As we grow our relationships will continue to expand and evolve. We believe in putting farms front and center and that will continue to be our mission. That is why we only have one blend, Alchemy. But here we are at another topic – for future discussion!




Has anything to your knowledge ever scored a perfect 100 at Cup of Excellence?

Never has a Cup of Excellence international jury altogether scored any coffee a perfect 100. At the Brazil CoE competition last October, however, a single juror, Silvio Leite, did give a 100 score to the coffee that turned out to be the #1 prizewinner. The coffee that garnered the top prize at 92.23 points hailed from farmer André Luis Aguila Ribeiro of the Pai e Filho farm. This coffee finished just slightly above #2 at 92.15. Silvio is one of the best cuppers I know, and this particular competition, in my opinion, had a strong, unified jury with exceptional ability.

A 100 pt score by even a single juror is an exceedingly rare event. Silvio has been a head judge since CoE’s inception in 1999; it was the first time he gave 100 points to a coffee. A coffee has to be remarkable to be a Presidential winner by getting 90 or over points. Some CoE competitions have no scores of 90 or over.

Juries are composed of twenty-four jurors from around the world. While they are often in overall agreement about the great ones, there are always variations in the scoring. I think the highest score ever given by a jury was around 96 – which is amazing, given its diversity. A 96 given by one jury in one country may not be the equal of a coffee given a 92 in another competition at another time by a different jury. Every international jury has its team of cuppers with their experiences, their preferences, and their customers’ preferences.

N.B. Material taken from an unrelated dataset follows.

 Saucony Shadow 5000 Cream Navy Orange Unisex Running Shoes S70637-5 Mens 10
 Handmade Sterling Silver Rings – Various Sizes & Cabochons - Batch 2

Juries vary quite a bit. For the first time a Cup of Excellence (CoE) jury cupped randomly ordered Pulped Naturals, Naturals and Anaerobic Natural processed lots on the same tables. In the past, the competitions separated the processes to allow jurors to compare “apples to apples.” I frankly expected the Anaerobic Natural and Natural coffees to crush the more delicate, far less fruity Pulped Naturals. But more subtle traditional Pulped Naturals held their own, taking 3rd, 7th and 9th place in the top ten.

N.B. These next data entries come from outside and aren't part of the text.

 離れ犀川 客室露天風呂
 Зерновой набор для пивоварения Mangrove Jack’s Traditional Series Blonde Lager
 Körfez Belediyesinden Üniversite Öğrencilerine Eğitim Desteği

Jurors at a CoE event cup 10 coffees at a time, spending 45 minutes in verbal silence and inchoate slurping from hot to room temperature. They then go into a separate room and compare scores and notes while the next set of tables are prepared. Not all juries agree. A few years ago, there were a few juries that became very divided between those wanting coffees with classical, clean flavors and those preferring wildly fruity cups. My recent Brazil experience makes me think we are evolving for the better as we learn from each other and discover facets in our examinations and discussions that broaden our appreciation.